Needless to say, by 2013 training camp, you probably will be hearing more about the "boys of 2012", but in general I think most of this draft class plays later than usual. A cancellation of a large part of the 2012-13 NHL season (due to ownwership & labor not having an agreement in place) might alter my thinking on Faska and Grigorenko, who, if signed would be unaffected by the work stoppage and probably be able to clock big minutes in their respective team's pro farm clubs. Maybe it would even be time well spent if they played overseas, assuming it works as a plus to become NHLers and not act as deterent.
The one thing all NHL executives have learned is that it is better to bring talent along slowly and carefully. With the TLC of excellent farm team coaching, these young players reap richer long term rewards than earlier failures. Casting youngsters into full time roles that they are unprepared for in terms of "hockey mentality" and readiness, just sends them stepping backwards and losing confidence. Being an 18-year old who is physically ready doesn't mean they are ready to think the pro game.

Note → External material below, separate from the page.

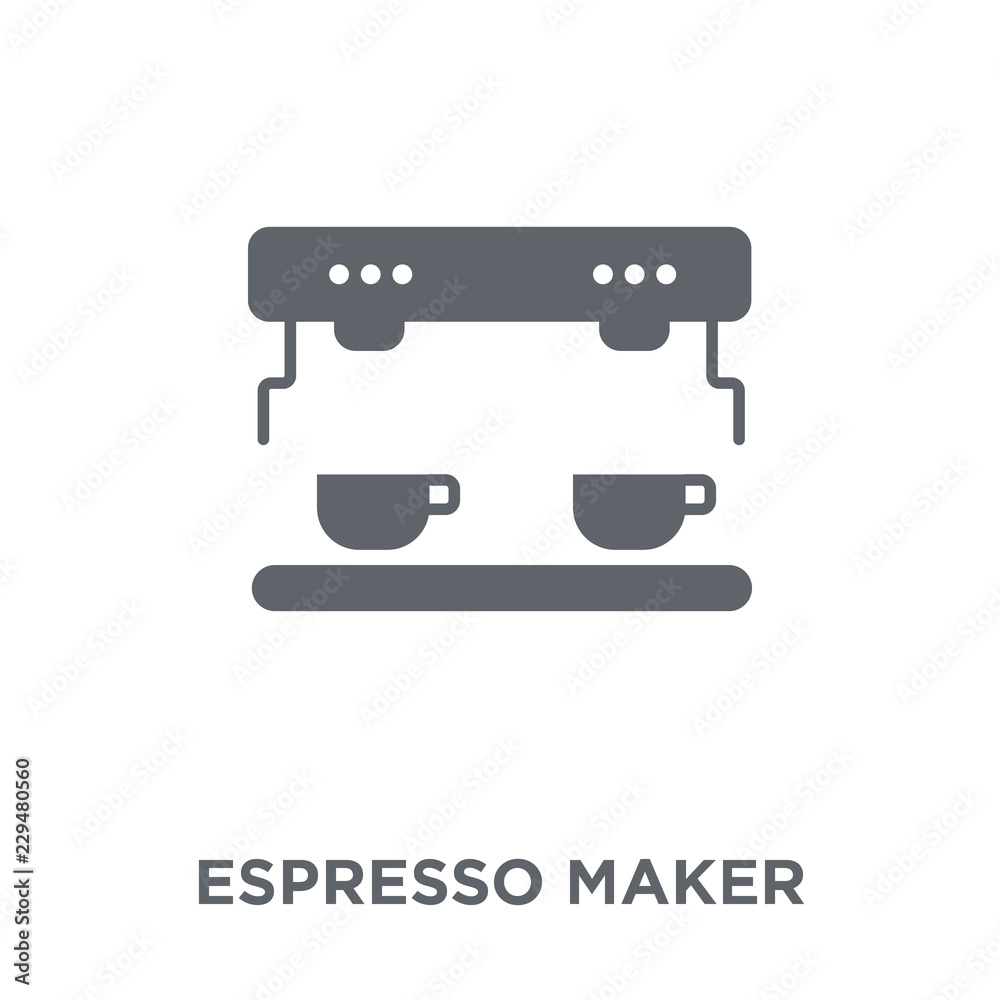 espresso maker icon from Electronic devices collection.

So many of the kids drafted in this 2012 draft need much more time to add parts and put the pieces together before they are even considered for regular NHL duty, and not just look-sees. For the most part, the 2013 drafted kids will probably be making their push for NHL auditions as equal competitors with the 2012 kids by the start of NHL 2014-15. The earlier class needs more repetition for mastery and there is no shame in taking the time for them to be truly ready.